Interesting article in The Intercept about Facebook’s attempt to achieve ideological balance in its banning practices by juxtaposing its purge of QAnon-related accounts with one of Antifa ones. Whether such equivalence is at all warranted on its merits is largely beside the point: FB finds itself in exactly the same situation as the old-media publishers of yore, desperate for the public to retain the perception of its equidistance. Antifa was merely the most media-salient target available for this type of operation.
It is unclear to me that there still is a significant middle-ground public who cares about this type of equidistance in its editorial gatekeepers, so perhaps the more cynical suspicions, such as Natasha Lennard’s, that this is simply a move to curry favor with the current Administration in the middle of an election might not be off-track. What is more significant in the long term is that the content-moderation scrutiny FB now undergoes, chiefly because of its size, will only intensify going forward, forcing it to conduct ever more of these censoring operations. This restriction on debate will, in turn, eventually and progressively push more radical political discourse elsewhere online.
On the whole, I think this is a positive development: organizations that think of themselves as radically anti-establishment should own up to the fact that there is no reason they should count on being platformed by so integral a part of the contemporary establishment as FB. Public space for political mobilization is not confined to the internet, and the internet is not confined to giant social media platforms.
I just read a story by Tanya Basu (in the MIT Technology Review) about the use of single-page websites (created through services such as Bio.fm and Carrd) to convey information about recent political mobilizations in the US. It’s very interesting how the new generation of social-justice activists is weaning itself from exclusive reliance on the major social media platforms in its search for anonymity, simplicity and accessibility.

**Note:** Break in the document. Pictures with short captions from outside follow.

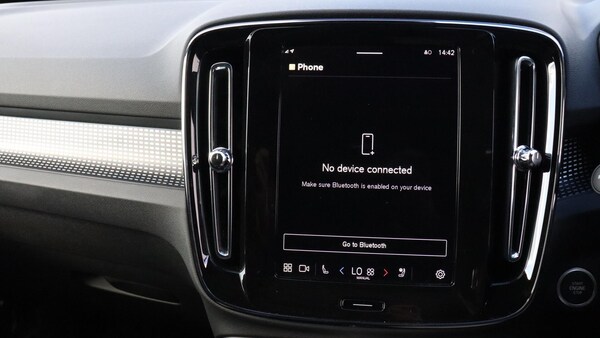 Used Volvo XC40 2025 for sale - 76200082: Photo 39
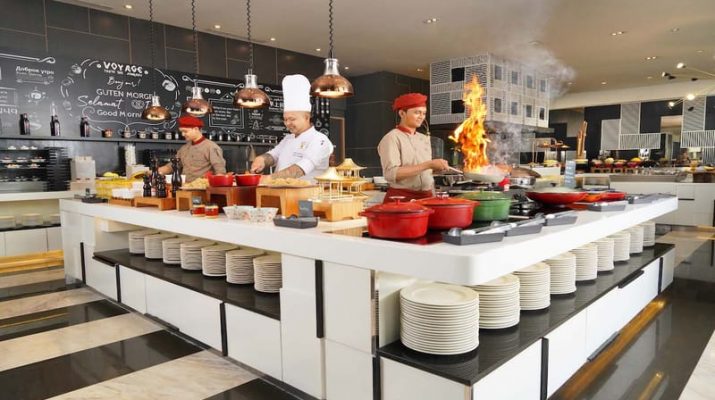 Vertu Harmoni Jakarta Hadirkan Buffet Akhir Pekan di Voyage Resto & Bar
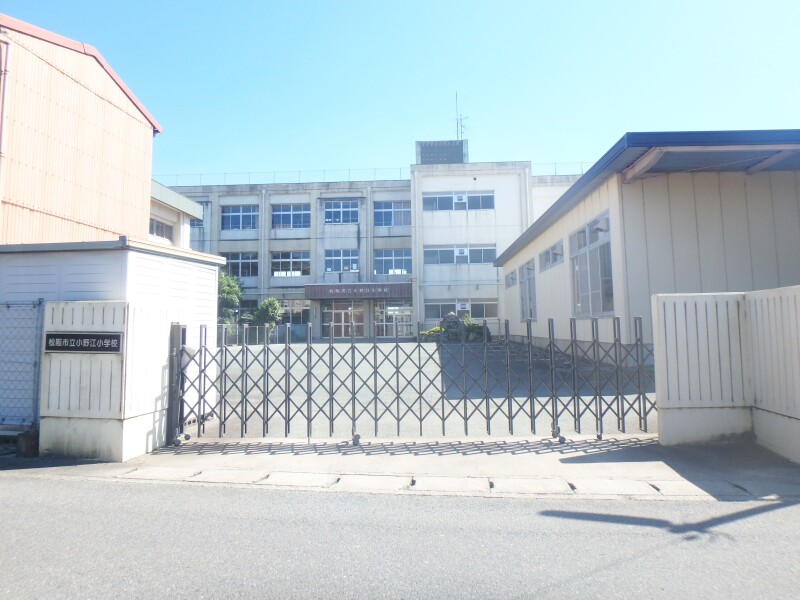 【サンライズヒルズBの小学校】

These ways of communicating information, as Basu underlines, bespeak an anti-influencer mentality: it’s the info that comes first, not the author.

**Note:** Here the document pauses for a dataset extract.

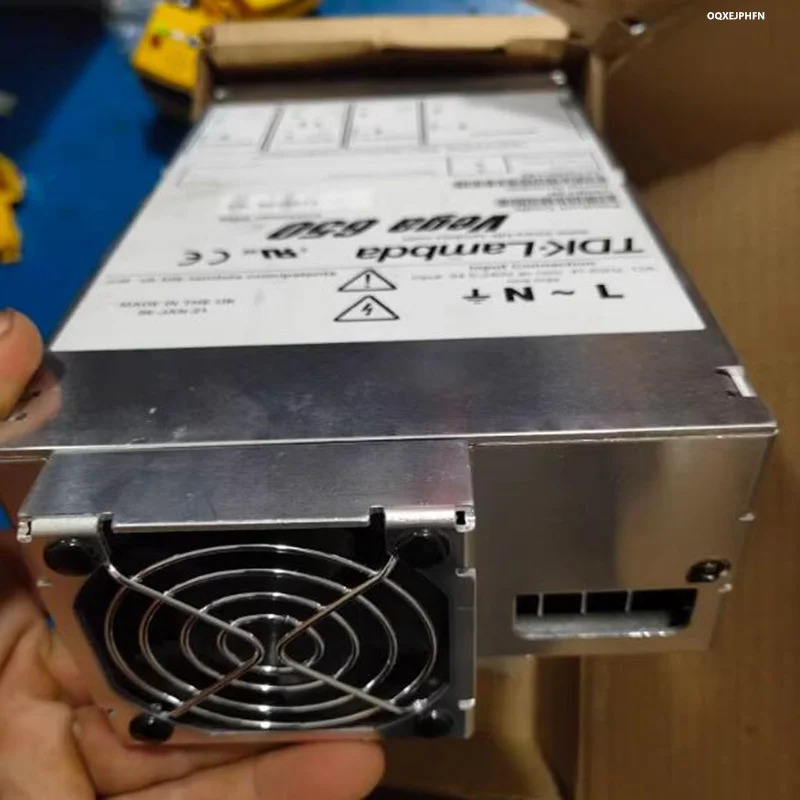 거새 전원공급장치 TDK-LAMBDA Vega 650 650W V608Y2K 새 처럼 작동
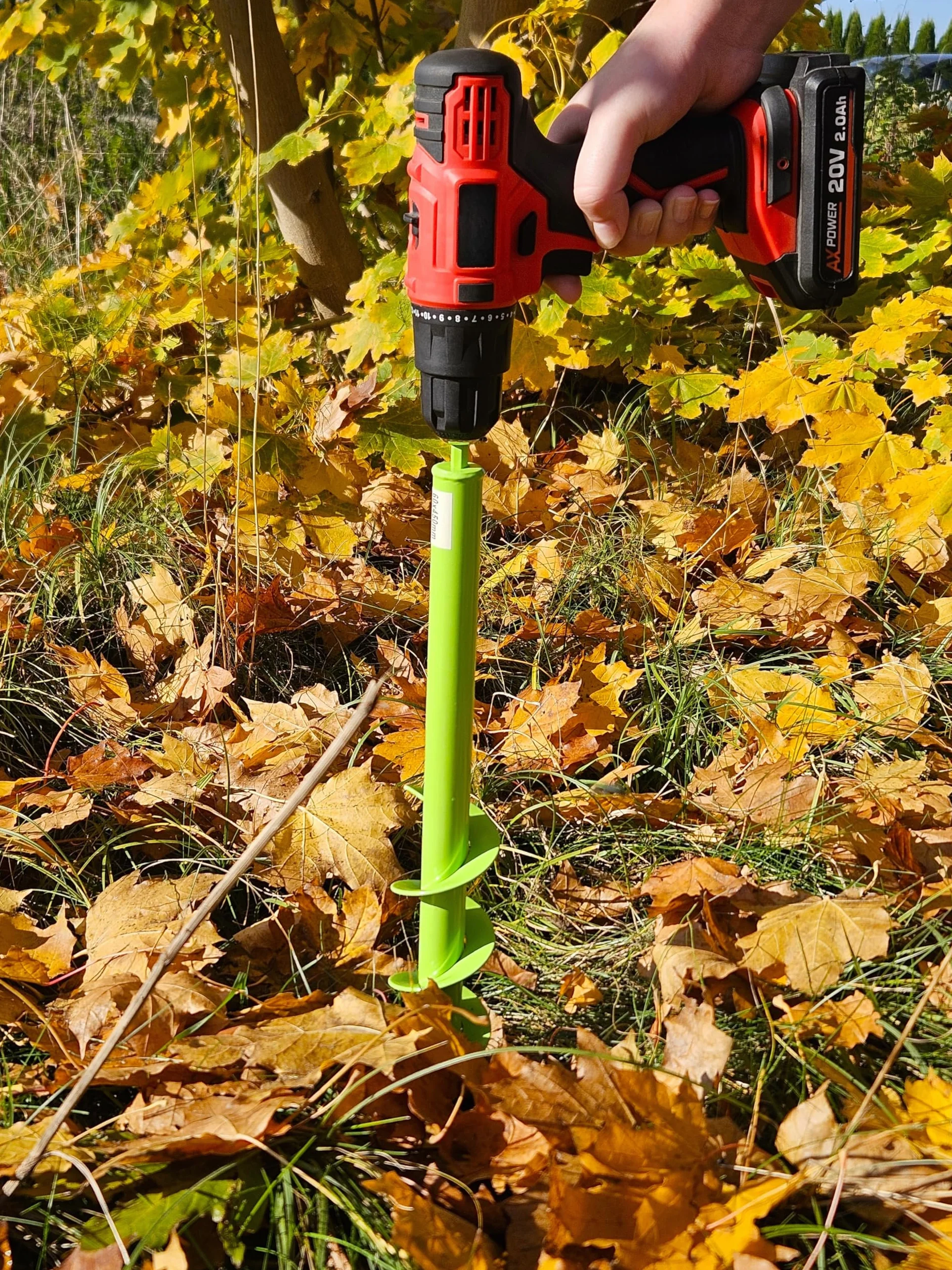 świder ziemny 100 mm Ø, 300 mm długości do wiertarki i wkrętarki akumulatorowej – świder ogrodowy do sadzenia kwiatów, krzewów i otworów pod słupki ogrodzeniowe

It is early to say whether the same issues of content moderation, pathological speech, and censorship will crop up on these platforms, as well, but for the time being it is good to see some movement in this space.
Yesterday I attended an online panel organized by the Atlantic Council with government (Matt Masterson of CISA), think-tank (Alicia Wanless of the Carnegie Endowment for International Peace and Clara Tsao of the AC’s DFRLab) and industry figures (Nathaniel Gleicher of FB and Yoel Roth of Twitter) on steps being taken to guarantee the integrity of the electoral process in the US this Fall. The general sense was that the current ecosystem is much less vulnerable to disinformation than the last presidential cycle, four years ago, and this despite the unprecedented challenges of the current election. However, the most interesting panelist, Wanless, was also the least bullish about the process.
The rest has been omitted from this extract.